Photoelectrochemical behavior of AlxIn1−xN thin films grown by plasma-assisted dual source reactive evaporation

Abstract

In this work the dependence of photoelectrochemical (PEC) behavior of AlxIn1−xN (0.48 ≤x ≤ 0.66) thin films grown by plasma-assisted dual source reactive evaporation, on the plasma dynamics and the alloys properties was studied. The influence of nitrogen flow rate on the compositional, morphological, structural and optical properties of the as-prepared films were investigated using X-ray photoelectron spectroscopy (XPS), Field emission scanning electron microscopy (FESEM), micro Raman spectroscopy and UV–vis spectroscopy.

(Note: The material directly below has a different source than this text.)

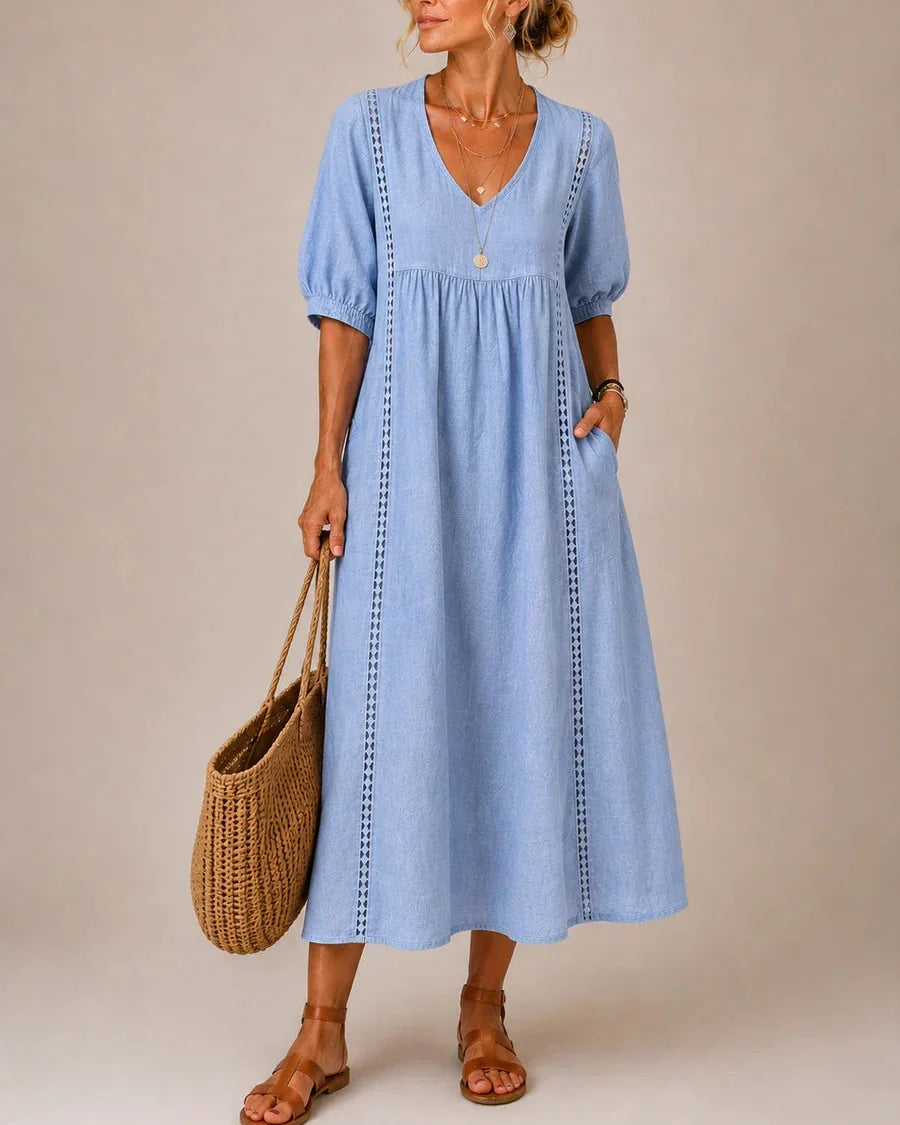 Élara | Beige Breeze Dress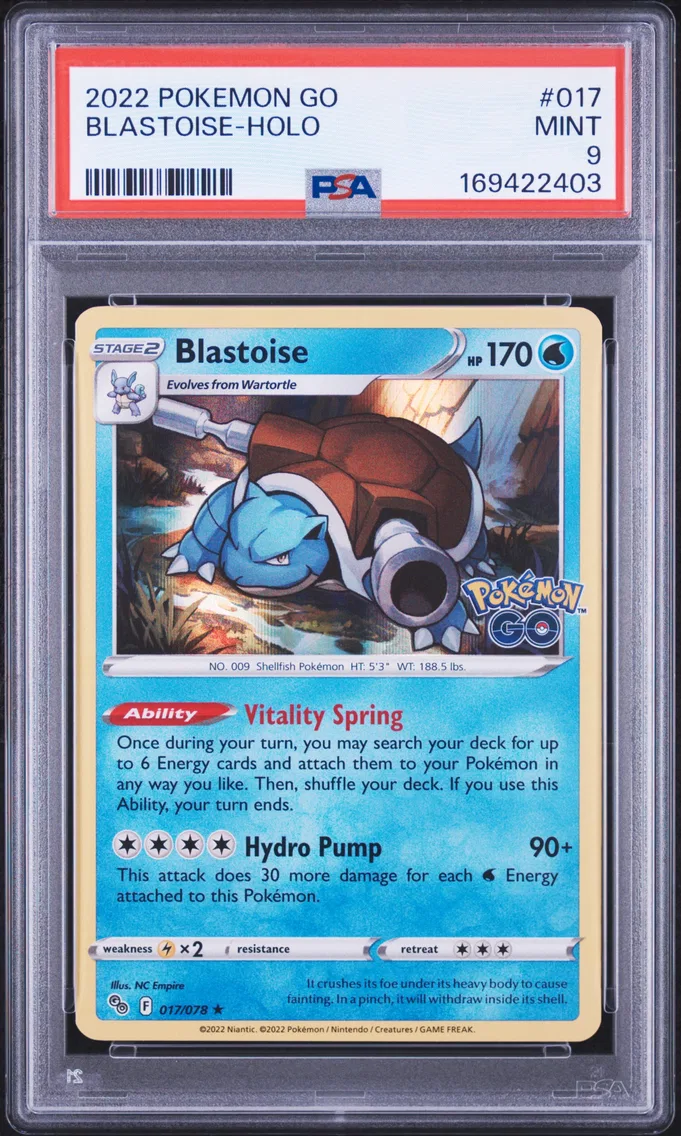 2022 #017 Blastoise-Holo PSA 9 Go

The PEC study of the as-grown AlxIn1−xN thin films targeted for water splitting application were performed in the presence of simulated solar irradiation of AM 1.5G (100 mW/cm2). The PEC results revealed that the photocurrent for the AlxIn1−xN thin film grown at nitrogen flow rate of 80 sccm is ∼10-fold higher than the dark current. From the Mott–Schottky (MS) plots it was deduced that by increasing N2 flow rate up to 80 sccm, the flat band potential shifts toward more negative values. The good photoelectrochemical behavior of AlxIn1−xN thin films showed that this material could be a potential candidate for PEC water splitting.